| Dataset extract |
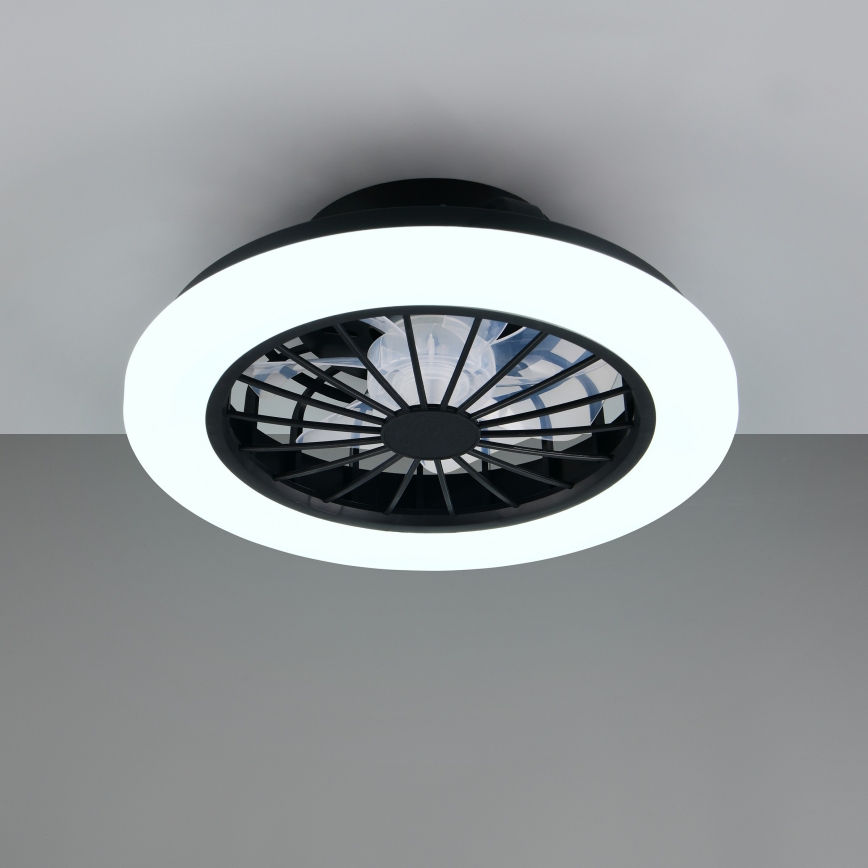 LED RGBW dimbare plafondlamp met ventilator GHANA LED/24W/230V 3000-6500K wit/zwart + afstandsbediening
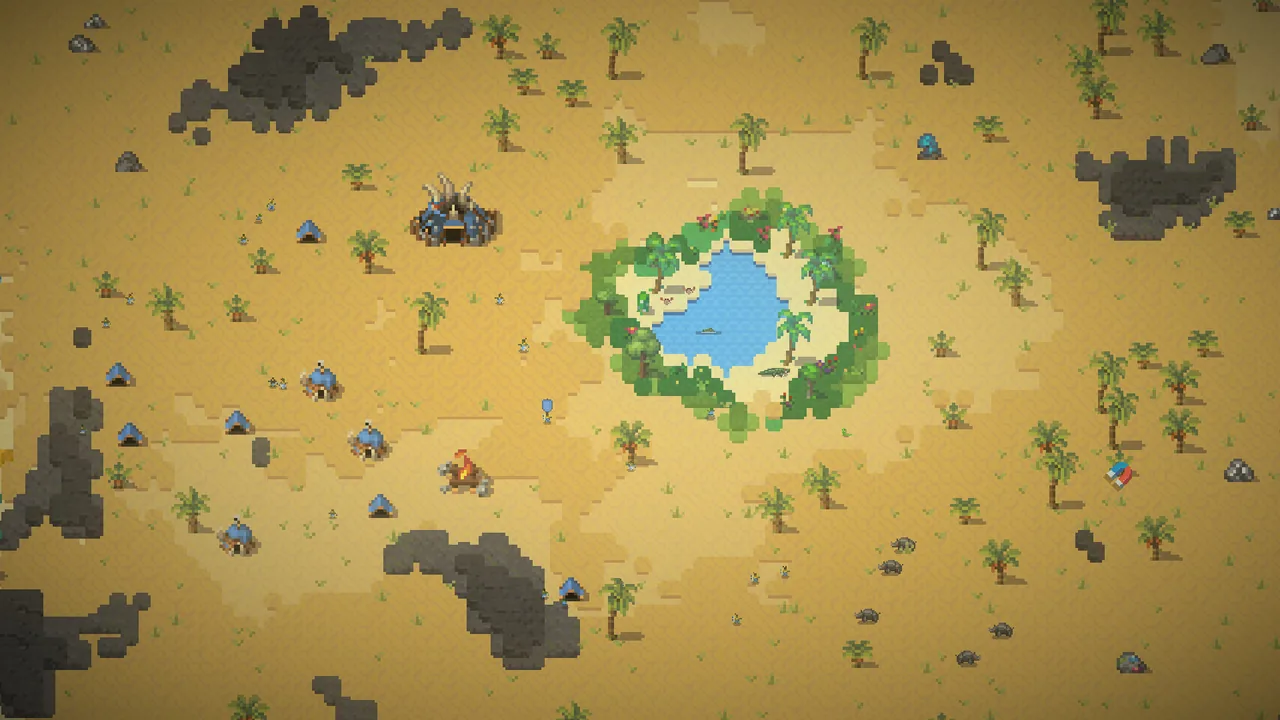 A desert lake surrounded by trees (WorldBox - God Simulator, via Steam)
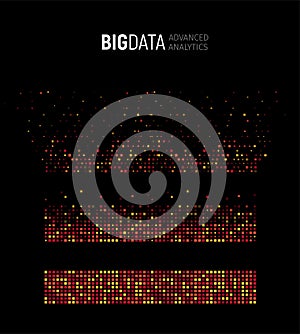 Big data abstract vector visualization. Lines and dots array. Big data connection complex. Graphic fractal element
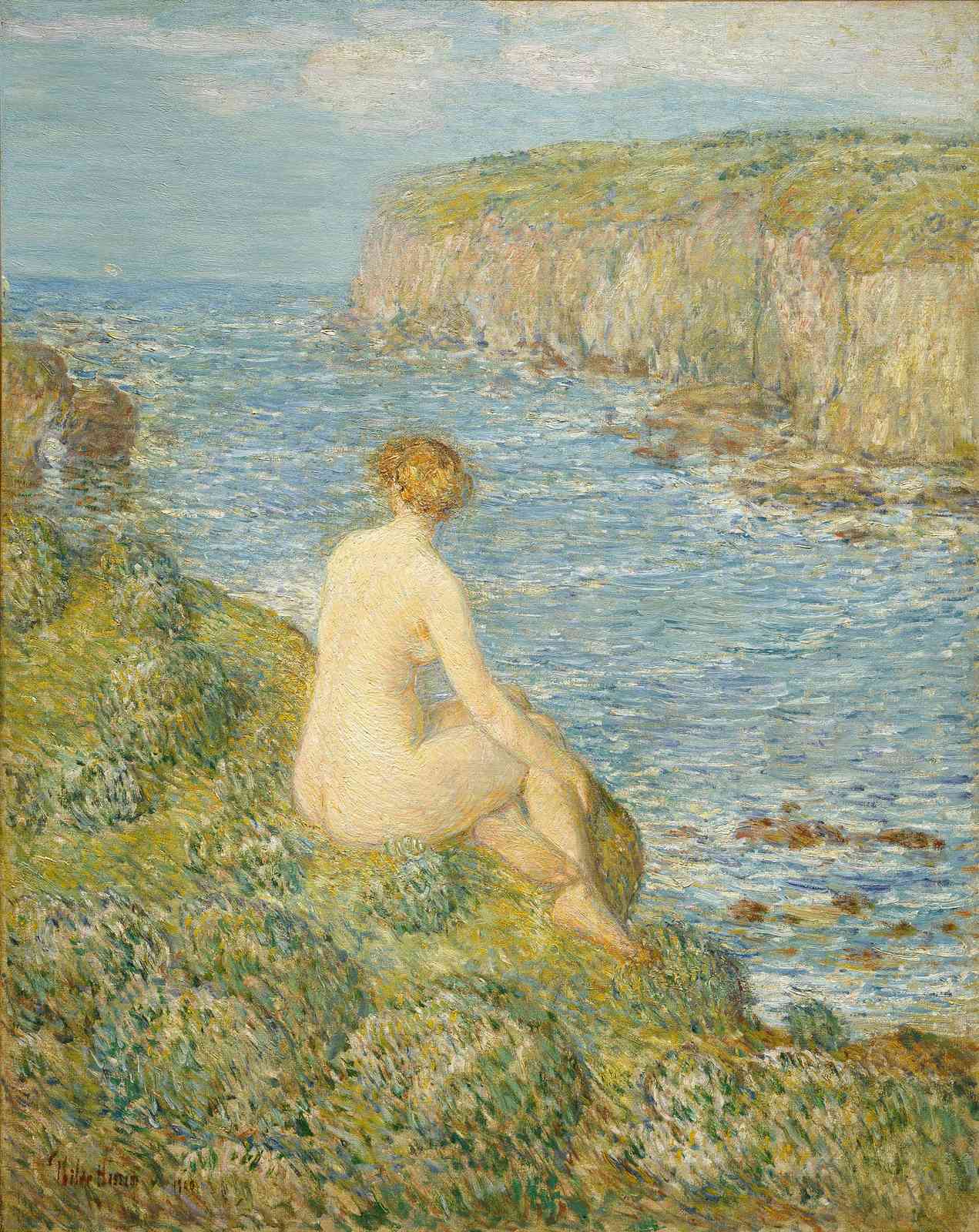 Serene Seaside Nude Landscape Wall Art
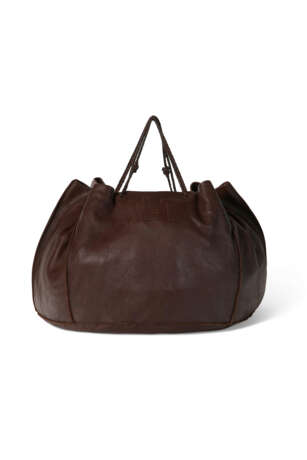 A PERSONALIZED BROWN LEATHER OVERSIZED DRAWSTRING TOTE BAG - photo 1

| Problem details |
What is needed is every record above printed exactly, with no pictures.

| Written response |
 LED RGBW dimbare plafondlamp met ventilator GHANA LED/24W/230V 3000-6500K wit/zwart + afstandsbediening
 A desert lake surrounded by trees (WorldBox - God Simulator, via Steam)
 Big data abstract vector visualization. Lines and dots array. Big data connection complex. Graphic fractal element
 Serene Seaside Nude Landscape Wall Art
 A PERSONALIZED BROWN LEATHER OVERSIZED DRAWSTRING TOTE BAG - photo 1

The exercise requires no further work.